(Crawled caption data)
■ ■ ■ ■
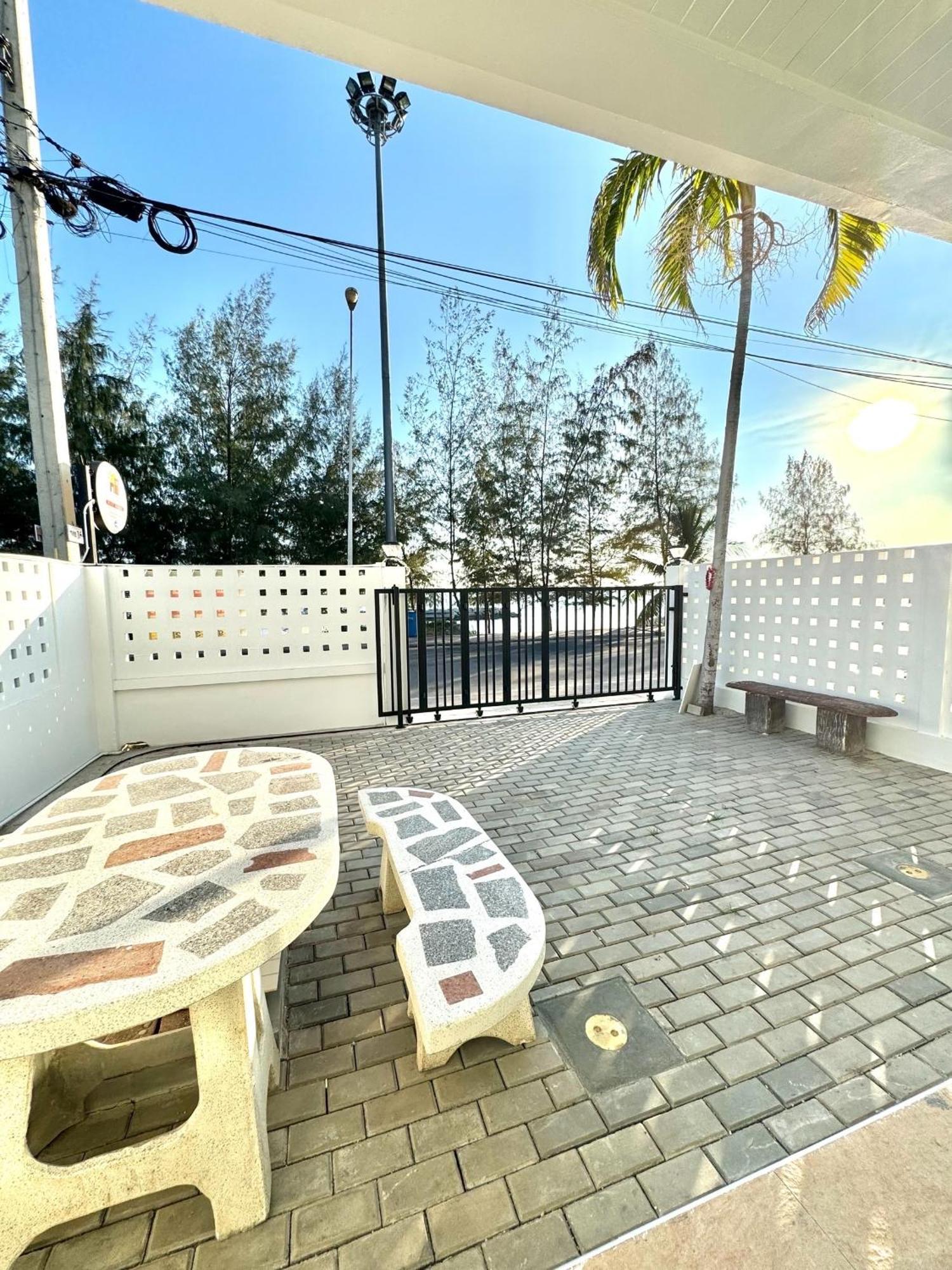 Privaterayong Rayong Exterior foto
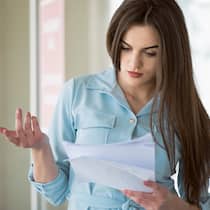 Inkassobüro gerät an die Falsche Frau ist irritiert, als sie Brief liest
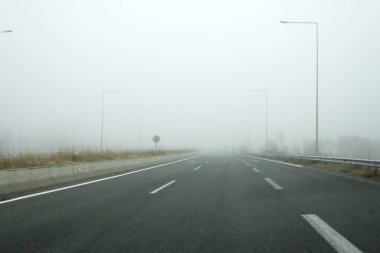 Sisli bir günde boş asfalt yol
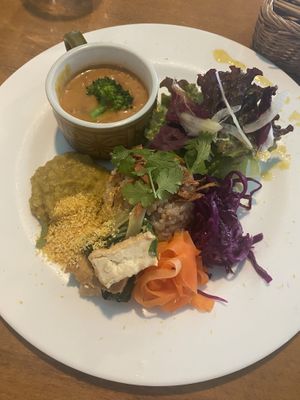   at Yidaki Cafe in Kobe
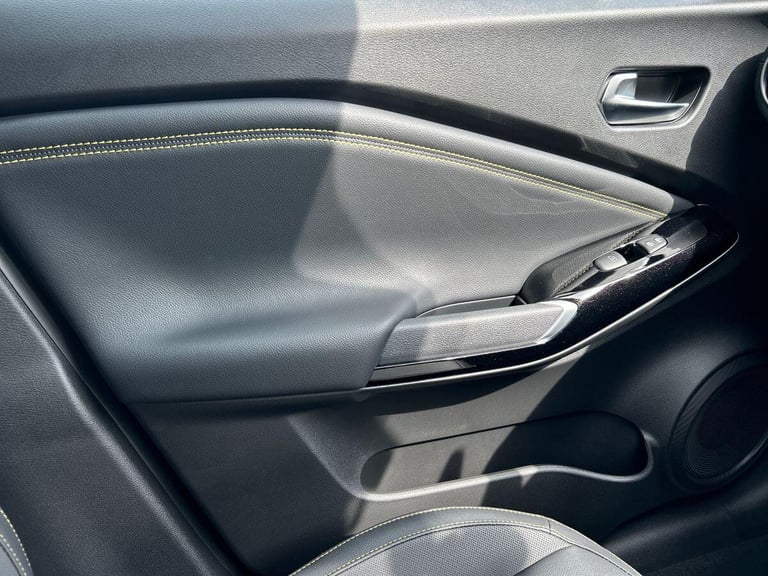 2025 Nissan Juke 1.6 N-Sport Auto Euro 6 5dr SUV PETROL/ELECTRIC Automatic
■ ■ ■ ■
About this task:
Repeat the records verbatim, excluding pictures.

Your solution:
 Privaterayong Rayong Exterior foto
 Inkassobüro gerät an die Falsche Frau ist irritiert, als sie Brief liest
 Sisli bir günde boş asfalt yol
   at Yidaki Cafe in Kobe
 2025 Nissan Juke 1.6 N-Sport Auto Euro 6 5dr SUV PETROL/ELECTRIC Automatic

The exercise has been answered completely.